EventHub Client Sink Factory

It creates the event client based on the input configuration.

 public static CompletableFuture createEventHubClient(String configSubSet) throws Exception {
        EventHubSinkConfig eventHubRegression = (new EventHubSinkUtil(configSubSet)).getSinkConfig(configSubSet);
        String connectionString = EventHubSinkUtil.getConnectionString(eventHubRegression);
        ScheduledExecutorService pool = Executors.newScheduledThreadPool(1);
        CompletableFuture eventHubClient = EventHubClient.createFromConnectionString(connectionString, pool);
        return eventHubClient;
    }

Delta Table Generator and Validator

It generates a Delta table for the regression run which a validator can query upon to get the output.

Thereafter, the validator validates on the basis of the query result from the Delta Lake and the local cache map which was generated while generating the test case.

On the validator result, it generates a success or a failure file.

 public static void generateLogFile(boolean success, String CONFIG_PATH, String regressionRunUUID) {

        Configuration config = ConfigurationUtil.getConfig(CONFIG_PATH);
        StringBuilder regressionLogPath= new StringBuilder(config.getString(DatagenConstants.REGRESSION_LOG_PATH_CONFIG) + regressionRunUUID + "/");
        StringBuilder regressionFileName=new StringBuilder();
        if(success){
            regressionFileName= regressionFileName.append(regressionLogPath).append(DatagenConstants.SUCCESS_FILE_NAME);
        }
        else{
            regressionFileName=regressionFileName.append(regressionLogPath).append(DatagenConstants.FAILED_FILE_NAME);
        }
        DBUtilsHolder.dbutils().fs().put(regressionFileName.toString(),"",true);
        log.info("Regression File Name {}", regressionFileName);
       
        }

CI/CD Integration

Releasing software isn’t just an art, it’s an engineering discipline too.

Continuous Integration

Once the code written by the developers are checked and passed, the software is essentially ready for deployment.
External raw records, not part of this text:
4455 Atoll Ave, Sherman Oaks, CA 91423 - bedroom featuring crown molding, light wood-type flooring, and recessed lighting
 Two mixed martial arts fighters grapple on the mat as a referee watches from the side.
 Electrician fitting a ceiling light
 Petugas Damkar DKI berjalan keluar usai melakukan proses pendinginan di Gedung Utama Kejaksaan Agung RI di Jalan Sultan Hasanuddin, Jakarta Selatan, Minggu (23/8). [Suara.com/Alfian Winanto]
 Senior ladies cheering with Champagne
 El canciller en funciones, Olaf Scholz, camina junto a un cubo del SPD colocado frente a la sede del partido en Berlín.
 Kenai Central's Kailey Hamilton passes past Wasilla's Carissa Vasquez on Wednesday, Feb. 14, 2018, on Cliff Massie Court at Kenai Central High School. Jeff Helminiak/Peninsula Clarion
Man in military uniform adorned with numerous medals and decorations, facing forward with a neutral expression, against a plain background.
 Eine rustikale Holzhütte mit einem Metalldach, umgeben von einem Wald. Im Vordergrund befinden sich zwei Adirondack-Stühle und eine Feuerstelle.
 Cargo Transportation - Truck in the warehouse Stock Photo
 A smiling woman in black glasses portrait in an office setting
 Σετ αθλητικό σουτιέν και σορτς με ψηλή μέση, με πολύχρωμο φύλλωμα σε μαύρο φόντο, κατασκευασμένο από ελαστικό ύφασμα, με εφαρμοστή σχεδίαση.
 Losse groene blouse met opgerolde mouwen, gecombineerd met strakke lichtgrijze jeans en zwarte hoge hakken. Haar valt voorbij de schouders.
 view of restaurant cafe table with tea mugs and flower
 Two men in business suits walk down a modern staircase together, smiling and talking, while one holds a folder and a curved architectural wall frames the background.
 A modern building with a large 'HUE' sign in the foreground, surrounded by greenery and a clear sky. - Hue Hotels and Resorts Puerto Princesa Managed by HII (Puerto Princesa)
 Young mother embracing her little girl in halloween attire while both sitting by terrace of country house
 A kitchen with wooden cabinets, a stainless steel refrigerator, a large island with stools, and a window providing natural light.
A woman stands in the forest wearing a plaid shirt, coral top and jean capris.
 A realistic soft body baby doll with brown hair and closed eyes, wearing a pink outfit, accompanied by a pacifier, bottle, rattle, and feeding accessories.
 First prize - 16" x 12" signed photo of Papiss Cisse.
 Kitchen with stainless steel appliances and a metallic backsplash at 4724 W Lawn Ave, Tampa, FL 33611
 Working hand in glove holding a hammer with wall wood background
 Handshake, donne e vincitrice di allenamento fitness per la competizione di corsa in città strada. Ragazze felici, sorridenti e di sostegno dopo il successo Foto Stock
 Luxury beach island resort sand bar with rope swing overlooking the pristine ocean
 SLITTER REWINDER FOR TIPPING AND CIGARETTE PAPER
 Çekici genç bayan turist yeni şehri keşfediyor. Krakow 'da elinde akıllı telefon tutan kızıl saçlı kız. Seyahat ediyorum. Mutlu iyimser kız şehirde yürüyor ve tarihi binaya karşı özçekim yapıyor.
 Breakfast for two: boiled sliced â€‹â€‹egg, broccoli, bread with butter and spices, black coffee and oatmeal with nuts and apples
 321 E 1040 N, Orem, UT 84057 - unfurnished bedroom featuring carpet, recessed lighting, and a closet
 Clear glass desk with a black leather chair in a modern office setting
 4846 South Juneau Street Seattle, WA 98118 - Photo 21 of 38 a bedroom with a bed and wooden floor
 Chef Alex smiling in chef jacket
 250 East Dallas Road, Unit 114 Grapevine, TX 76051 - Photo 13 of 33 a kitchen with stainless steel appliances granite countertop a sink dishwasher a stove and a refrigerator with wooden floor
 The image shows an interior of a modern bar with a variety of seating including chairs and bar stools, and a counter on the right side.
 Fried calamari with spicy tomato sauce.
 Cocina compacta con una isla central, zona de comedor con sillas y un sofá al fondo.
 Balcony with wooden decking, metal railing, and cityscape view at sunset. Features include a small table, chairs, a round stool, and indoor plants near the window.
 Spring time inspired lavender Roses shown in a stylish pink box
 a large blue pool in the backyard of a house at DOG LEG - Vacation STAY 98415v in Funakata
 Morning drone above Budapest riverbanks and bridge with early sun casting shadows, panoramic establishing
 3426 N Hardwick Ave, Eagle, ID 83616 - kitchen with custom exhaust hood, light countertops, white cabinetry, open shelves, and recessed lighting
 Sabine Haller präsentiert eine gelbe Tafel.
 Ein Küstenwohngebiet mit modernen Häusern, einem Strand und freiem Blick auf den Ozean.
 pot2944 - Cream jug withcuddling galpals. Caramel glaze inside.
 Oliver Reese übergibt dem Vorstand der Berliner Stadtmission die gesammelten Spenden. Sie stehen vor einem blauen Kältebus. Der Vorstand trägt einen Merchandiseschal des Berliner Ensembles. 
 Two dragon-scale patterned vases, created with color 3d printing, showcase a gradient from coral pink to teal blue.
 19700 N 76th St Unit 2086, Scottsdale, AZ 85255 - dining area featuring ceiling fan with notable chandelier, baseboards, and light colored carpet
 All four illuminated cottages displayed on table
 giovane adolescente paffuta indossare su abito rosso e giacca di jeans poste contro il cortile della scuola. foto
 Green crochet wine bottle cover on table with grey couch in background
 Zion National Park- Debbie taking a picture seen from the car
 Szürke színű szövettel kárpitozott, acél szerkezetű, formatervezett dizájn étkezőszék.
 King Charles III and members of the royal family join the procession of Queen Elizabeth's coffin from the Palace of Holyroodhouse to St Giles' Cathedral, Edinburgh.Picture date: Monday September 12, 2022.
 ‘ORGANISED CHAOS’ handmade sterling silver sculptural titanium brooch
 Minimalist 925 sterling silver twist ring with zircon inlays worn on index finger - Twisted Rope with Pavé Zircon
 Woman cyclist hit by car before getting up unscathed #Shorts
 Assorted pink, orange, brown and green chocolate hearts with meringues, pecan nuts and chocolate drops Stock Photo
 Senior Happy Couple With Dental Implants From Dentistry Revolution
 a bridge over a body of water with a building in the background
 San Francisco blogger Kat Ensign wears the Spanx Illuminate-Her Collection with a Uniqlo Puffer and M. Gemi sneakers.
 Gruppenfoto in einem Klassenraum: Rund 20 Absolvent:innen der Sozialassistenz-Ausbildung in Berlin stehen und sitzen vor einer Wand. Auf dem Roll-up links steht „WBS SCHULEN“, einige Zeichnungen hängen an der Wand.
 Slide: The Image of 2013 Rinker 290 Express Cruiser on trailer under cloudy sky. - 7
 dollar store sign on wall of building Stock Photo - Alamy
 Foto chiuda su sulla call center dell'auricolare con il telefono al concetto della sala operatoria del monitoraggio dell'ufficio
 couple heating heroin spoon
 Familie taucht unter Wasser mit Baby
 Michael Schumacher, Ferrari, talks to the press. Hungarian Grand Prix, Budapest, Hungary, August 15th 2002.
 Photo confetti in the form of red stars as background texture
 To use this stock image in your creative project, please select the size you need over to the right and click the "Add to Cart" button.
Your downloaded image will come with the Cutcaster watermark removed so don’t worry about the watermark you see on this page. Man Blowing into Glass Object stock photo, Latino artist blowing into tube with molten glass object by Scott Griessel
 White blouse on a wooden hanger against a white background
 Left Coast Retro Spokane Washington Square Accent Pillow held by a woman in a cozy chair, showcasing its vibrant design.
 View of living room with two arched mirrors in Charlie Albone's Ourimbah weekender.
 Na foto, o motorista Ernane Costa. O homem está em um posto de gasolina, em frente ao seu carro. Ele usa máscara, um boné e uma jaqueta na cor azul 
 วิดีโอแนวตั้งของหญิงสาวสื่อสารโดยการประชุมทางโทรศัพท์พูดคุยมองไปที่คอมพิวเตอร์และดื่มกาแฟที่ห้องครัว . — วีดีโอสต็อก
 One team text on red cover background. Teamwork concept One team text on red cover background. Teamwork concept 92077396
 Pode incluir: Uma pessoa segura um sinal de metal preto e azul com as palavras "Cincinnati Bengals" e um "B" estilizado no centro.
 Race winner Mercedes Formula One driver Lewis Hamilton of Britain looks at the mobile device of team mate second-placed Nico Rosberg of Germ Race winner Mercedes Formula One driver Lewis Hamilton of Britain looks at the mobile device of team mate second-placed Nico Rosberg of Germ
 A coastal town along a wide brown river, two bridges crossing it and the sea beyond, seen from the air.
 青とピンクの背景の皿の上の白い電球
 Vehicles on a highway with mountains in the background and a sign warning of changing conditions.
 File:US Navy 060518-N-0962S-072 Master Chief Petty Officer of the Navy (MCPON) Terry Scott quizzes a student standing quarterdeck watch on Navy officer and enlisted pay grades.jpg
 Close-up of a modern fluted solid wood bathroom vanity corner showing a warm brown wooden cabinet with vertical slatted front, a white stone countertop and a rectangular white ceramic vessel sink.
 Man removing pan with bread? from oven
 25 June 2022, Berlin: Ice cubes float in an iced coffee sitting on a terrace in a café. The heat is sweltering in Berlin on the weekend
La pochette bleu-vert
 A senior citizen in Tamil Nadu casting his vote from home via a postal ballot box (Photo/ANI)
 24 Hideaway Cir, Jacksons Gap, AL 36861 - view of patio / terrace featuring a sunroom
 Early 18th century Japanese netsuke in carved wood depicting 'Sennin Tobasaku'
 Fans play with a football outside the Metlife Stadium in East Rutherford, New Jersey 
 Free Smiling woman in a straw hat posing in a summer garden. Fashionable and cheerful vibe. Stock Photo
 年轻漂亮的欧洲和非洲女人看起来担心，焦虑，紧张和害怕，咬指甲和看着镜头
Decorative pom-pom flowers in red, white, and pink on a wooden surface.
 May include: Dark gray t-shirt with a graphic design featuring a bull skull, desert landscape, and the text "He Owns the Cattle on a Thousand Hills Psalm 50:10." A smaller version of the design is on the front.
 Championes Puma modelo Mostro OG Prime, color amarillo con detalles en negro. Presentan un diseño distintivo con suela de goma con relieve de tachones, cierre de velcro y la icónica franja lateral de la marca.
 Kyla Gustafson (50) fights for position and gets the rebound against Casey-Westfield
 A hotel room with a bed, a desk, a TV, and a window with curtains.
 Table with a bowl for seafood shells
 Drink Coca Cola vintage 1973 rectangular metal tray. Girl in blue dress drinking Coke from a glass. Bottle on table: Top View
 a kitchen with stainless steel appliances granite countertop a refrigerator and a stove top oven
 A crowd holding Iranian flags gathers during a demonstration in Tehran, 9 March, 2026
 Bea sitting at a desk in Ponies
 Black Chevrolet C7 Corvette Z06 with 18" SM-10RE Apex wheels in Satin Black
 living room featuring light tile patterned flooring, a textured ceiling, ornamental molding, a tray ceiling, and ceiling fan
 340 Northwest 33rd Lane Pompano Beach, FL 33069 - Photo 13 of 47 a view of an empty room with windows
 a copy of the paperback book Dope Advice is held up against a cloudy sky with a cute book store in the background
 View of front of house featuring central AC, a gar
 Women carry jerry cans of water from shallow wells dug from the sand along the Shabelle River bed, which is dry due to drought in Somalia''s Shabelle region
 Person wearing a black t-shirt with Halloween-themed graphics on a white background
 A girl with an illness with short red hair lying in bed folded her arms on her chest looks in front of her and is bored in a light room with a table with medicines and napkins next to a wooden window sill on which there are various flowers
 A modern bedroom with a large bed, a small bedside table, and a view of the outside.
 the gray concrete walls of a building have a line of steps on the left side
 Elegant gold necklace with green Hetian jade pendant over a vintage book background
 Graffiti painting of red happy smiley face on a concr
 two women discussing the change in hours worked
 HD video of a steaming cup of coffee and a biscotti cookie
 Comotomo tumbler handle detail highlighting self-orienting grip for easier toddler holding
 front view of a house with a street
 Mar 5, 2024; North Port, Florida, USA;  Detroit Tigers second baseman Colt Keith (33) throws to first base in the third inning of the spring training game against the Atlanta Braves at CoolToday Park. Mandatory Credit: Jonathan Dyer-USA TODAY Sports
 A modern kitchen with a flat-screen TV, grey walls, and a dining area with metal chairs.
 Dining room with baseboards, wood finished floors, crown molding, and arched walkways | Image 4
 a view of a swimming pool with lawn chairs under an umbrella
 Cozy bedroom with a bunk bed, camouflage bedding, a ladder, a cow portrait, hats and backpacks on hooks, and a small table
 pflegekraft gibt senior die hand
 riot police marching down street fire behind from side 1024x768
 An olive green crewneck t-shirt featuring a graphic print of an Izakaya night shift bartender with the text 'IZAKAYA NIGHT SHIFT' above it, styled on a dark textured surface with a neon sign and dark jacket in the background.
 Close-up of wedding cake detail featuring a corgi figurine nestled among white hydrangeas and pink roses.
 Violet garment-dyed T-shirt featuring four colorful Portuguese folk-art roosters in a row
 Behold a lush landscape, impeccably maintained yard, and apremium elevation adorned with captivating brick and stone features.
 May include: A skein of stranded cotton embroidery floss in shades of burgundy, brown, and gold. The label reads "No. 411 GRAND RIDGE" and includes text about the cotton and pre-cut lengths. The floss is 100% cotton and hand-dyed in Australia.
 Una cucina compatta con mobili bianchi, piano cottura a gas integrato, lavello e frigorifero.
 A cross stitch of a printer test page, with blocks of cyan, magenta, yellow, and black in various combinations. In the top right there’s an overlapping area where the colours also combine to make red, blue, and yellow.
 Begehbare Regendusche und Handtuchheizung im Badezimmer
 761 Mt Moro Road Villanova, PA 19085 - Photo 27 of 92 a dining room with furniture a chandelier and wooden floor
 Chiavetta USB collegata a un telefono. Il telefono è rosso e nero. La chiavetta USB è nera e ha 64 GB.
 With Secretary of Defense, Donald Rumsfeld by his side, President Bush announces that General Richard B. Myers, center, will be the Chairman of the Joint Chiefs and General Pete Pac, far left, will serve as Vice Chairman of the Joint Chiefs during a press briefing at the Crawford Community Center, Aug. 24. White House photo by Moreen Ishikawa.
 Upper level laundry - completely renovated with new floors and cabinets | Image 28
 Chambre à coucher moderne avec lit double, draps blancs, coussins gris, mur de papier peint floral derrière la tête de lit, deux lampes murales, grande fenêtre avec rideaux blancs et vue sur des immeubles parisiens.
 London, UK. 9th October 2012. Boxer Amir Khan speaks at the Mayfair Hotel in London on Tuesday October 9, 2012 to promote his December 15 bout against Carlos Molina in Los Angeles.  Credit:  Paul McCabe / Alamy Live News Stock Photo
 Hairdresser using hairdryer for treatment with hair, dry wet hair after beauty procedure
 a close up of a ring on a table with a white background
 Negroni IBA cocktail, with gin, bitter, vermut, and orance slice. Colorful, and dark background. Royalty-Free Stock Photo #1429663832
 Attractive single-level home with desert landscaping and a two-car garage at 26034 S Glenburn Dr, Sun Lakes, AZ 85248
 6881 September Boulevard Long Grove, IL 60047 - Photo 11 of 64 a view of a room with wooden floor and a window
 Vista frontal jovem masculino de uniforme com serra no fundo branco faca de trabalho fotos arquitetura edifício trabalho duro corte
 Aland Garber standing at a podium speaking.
We have Integrated the pipeline in Harness with Databricks to run the regression for the streaming job.


Regression Job Harness Pipeline

Step 1: Configuration and Regression Run ID Generation

  • Generate the Regression Run ID

  • Fetch Regression Configuration and infra configuration

Step 2: Regression Databricks Cluster Creation

  • Prepare cluster creation request body.

  • Create a Databricks cluster.

  • Verify the cluster creation.

Step 3: Regression Databricks Job Creation

  • Prepare Regression Job Request Body

  • Create Regression Workflow Job on Databricks.

  • Check the Regression Status from the storage account for success/failure file for the Regression Run ID.

Step 4: Regression Resources Cleanup

  • Delete regression job.

  • Delete regression cluster.

Databricks Cluster APIs

Create a Cluster

2.0/clusters/create

POST

Verify a Cluster

2.0/clusters/get

GET

2.0/clusters/delete

POST

 

Databricks Jobs APIs

Create a Job

2.0/jobs/create

POST

Run a Job

2.0/jobs/run-now

POST

Delete Job

2.0/jobs/delete

POST

Final Thoughts

  • With the regression and CI/CD in place, we are able to validate and deploy the Streaming Job on Databricks in less than 5 minutes.

  • With regression in place, we will be able to validate the Streaming Job that doesn’t require the featured pilot for the Streaming Jobs to be in place.

With automation, developers can release new features and change more frequently, while teams will have better overall stability.

I hope after reading this article you may have a fair understanding of the streaming job and its regression and integration with Harness for the CI/CD pipeline.